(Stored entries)
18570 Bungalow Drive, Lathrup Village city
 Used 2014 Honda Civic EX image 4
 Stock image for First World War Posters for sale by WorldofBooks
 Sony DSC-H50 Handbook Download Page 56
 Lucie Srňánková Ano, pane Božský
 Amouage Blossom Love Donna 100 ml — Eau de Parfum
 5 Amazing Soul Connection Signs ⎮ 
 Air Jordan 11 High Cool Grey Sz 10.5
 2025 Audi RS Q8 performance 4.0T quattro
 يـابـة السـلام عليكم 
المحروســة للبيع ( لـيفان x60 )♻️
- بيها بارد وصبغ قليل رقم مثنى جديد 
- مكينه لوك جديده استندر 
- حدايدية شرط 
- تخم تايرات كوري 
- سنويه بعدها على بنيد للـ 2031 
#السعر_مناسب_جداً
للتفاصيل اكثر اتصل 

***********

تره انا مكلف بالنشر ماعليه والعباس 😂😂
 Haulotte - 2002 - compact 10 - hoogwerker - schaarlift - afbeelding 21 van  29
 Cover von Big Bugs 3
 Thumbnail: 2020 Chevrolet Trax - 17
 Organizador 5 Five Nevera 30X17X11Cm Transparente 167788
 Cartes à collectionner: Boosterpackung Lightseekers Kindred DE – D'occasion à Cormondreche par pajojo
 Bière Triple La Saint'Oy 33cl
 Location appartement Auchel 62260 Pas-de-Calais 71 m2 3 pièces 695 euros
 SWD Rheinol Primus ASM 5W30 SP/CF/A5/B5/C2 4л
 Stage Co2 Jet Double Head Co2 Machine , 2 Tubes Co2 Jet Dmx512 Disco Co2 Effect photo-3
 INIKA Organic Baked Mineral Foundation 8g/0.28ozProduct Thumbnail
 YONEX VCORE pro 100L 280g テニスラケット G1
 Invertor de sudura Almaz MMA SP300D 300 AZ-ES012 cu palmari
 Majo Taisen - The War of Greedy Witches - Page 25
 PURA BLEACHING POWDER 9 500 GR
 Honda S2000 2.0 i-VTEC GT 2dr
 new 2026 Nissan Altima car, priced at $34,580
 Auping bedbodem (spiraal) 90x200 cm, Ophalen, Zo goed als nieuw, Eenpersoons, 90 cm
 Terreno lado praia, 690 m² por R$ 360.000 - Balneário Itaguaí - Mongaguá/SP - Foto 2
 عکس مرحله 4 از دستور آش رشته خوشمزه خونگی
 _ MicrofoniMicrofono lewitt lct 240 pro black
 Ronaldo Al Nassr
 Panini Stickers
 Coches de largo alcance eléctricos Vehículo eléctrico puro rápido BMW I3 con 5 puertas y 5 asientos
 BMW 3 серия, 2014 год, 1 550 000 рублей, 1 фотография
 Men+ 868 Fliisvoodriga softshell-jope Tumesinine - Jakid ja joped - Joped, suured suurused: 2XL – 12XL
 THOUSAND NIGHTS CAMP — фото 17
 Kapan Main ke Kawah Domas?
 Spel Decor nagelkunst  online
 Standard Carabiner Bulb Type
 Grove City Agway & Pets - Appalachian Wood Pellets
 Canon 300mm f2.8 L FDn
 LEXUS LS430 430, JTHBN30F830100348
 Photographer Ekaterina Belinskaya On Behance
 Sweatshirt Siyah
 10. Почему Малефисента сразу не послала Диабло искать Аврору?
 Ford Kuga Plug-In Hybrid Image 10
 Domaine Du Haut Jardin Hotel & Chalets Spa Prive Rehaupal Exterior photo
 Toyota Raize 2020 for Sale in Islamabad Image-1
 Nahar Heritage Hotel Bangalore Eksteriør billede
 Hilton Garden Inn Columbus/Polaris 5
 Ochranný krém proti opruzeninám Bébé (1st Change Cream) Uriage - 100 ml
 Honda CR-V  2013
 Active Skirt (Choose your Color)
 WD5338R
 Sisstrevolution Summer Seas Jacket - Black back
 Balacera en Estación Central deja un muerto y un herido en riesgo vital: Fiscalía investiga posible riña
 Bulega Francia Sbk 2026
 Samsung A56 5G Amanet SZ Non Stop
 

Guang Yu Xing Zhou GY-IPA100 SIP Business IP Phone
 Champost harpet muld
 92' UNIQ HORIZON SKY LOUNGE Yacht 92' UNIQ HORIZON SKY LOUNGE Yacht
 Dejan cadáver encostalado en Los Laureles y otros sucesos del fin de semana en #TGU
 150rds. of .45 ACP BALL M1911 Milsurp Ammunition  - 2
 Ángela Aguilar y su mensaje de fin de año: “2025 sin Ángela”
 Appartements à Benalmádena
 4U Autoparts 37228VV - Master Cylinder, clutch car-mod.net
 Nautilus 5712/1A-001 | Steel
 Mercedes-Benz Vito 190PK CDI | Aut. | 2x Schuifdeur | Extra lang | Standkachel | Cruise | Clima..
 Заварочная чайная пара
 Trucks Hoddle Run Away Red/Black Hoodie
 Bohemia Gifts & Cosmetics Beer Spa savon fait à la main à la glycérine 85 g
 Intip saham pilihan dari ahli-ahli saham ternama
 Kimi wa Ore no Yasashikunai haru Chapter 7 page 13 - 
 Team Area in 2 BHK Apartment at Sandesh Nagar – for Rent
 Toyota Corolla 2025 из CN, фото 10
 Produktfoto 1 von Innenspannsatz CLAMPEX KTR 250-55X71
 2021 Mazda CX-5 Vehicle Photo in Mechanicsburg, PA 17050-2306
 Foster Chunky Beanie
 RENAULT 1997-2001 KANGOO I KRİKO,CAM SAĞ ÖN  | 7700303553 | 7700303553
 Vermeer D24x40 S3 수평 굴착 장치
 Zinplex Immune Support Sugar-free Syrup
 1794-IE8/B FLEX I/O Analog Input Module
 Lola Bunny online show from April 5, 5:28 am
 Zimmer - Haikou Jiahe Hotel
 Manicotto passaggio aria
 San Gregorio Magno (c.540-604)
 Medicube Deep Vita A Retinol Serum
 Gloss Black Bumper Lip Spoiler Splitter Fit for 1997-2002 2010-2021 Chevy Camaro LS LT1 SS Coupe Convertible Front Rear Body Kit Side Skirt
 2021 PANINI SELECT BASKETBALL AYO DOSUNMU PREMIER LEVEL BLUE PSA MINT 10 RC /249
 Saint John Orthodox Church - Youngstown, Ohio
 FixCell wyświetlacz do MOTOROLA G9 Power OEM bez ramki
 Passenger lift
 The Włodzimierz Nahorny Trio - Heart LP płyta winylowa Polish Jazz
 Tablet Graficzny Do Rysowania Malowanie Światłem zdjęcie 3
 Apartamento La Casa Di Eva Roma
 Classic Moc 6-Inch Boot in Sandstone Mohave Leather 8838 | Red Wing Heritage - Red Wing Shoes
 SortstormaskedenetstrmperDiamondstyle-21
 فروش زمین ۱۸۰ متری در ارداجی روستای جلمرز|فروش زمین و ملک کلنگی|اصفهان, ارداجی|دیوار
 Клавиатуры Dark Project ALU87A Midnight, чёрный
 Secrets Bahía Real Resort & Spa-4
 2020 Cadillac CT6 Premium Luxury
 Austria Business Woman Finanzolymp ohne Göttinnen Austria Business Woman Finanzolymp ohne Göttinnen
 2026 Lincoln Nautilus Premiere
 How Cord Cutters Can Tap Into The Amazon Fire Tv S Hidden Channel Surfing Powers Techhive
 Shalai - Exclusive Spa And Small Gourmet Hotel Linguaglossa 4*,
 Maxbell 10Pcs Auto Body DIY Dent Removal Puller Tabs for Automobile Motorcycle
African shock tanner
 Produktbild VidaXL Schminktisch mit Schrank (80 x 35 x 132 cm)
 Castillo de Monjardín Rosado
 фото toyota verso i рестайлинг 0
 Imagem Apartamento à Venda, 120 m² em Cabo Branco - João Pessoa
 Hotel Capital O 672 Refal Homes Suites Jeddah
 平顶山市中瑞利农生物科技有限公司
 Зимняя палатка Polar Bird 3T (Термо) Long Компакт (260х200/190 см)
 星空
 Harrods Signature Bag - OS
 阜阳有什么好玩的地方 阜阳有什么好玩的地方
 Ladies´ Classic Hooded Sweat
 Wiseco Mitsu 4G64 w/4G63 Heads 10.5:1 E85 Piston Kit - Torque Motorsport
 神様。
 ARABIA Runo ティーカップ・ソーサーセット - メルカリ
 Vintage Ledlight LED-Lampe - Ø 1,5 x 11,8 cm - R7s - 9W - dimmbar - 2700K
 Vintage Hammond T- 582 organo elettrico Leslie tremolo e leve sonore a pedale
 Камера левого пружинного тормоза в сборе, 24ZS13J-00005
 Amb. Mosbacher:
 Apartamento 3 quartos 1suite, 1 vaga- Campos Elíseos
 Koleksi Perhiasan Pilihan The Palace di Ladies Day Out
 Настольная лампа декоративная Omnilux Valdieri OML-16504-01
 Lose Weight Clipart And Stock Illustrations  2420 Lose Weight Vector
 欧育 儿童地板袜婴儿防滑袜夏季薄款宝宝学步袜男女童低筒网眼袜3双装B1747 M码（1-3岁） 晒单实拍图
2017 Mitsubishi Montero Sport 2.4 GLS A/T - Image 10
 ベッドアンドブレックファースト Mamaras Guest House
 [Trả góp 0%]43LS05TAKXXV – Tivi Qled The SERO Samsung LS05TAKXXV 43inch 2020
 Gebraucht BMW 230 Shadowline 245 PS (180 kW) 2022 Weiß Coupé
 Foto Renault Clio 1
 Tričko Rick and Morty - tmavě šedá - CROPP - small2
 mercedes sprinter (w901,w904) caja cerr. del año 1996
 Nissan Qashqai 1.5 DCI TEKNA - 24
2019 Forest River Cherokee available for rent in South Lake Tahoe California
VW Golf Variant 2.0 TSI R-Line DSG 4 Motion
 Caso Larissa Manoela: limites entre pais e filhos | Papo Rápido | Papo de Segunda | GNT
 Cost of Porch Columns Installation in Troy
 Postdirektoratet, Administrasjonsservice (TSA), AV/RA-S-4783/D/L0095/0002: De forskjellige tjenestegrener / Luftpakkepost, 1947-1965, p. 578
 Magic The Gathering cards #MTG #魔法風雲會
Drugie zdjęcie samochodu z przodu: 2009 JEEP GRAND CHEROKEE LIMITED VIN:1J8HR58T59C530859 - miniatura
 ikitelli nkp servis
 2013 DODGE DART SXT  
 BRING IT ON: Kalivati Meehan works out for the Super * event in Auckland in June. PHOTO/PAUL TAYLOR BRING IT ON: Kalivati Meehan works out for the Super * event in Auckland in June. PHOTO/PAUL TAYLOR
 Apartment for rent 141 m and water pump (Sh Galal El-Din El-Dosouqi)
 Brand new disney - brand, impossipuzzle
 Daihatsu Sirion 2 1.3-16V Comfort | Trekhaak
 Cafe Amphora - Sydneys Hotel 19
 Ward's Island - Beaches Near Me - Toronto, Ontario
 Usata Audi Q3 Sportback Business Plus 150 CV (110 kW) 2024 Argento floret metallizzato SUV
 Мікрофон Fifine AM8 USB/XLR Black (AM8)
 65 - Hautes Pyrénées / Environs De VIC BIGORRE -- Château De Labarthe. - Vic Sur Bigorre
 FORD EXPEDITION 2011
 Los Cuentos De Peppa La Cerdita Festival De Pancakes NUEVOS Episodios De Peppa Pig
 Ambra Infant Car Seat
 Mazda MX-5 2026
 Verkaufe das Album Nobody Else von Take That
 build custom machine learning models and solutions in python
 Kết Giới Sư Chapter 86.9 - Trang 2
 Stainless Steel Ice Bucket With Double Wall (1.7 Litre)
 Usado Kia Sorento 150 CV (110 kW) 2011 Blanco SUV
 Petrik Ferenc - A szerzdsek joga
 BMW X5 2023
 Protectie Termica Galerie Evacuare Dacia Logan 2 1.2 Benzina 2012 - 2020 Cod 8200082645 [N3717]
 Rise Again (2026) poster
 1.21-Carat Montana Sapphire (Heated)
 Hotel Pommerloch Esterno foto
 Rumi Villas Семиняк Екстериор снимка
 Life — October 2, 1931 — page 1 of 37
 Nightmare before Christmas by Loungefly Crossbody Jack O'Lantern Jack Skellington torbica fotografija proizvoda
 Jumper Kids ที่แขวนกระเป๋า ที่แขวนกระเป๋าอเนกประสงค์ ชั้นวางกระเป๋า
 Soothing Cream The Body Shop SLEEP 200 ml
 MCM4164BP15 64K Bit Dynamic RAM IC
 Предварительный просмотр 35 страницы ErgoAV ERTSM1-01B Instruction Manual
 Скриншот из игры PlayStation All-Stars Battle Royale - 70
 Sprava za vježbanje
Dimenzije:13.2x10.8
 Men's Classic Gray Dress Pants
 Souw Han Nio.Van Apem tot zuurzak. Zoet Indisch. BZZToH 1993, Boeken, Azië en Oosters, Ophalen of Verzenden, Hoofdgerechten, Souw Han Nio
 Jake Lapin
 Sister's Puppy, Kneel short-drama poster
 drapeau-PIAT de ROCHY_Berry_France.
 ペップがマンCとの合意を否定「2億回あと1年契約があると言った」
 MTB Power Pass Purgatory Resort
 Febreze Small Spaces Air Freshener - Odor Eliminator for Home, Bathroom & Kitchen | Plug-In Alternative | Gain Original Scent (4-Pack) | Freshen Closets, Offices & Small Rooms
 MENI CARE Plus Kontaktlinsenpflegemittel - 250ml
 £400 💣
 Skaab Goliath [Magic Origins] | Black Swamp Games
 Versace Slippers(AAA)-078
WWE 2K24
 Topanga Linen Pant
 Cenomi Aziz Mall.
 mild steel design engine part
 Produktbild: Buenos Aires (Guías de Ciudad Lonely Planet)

_Exercise requirements_
Once you find the line containing "Organizador 5 Five", stop: reproduce exactly that line and every line of the data before it, and nothing else.

_Written solution_
18570 Bungalow Drive, Lathrup Village city
 Used 2014 Honda Civic EX image 4
 Stock image for First World War Posters for sale by WorldofBooks
 Sony DSC-H50 Handbook Download Page 56
 Lucie Srňánková Ano, pane Božský
 Amouage Blossom Love Donna 100 ml — Eau de Parfum
 5 Amazing Soul Connection Signs ⎮ 
 Air Jordan 11 High Cool Grey Sz 10.5
 2025 Audi RS Q8 performance 4.0T quattro
 يـابـة السـلام عليكم 
المحروســة للبيع ( لـيفان x60 )♻️
- بيها بارد وصبغ قليل رقم مثنى جديد 
- مكينه لوك جديده استندر 
- حدايدية شرط 
- تخم تايرات كوري 
- سنويه بعدها على بنيد للـ 2031 
#السعر_مناسب_جداً
للتفاصيل اكثر اتصل 

***********

تره انا مكلف بالنشر ماعليه والعباس 😂😂
 Haulotte - 2002 - compact 10 - hoogwerker - schaarlift - afbeelding 21 van  29
 Cover von Big Bugs 3
 Thumbnail: 2020 Chevrolet Trax - 17
 Organizador 5 Five Nevera 30X17X11Cm Transparente 167788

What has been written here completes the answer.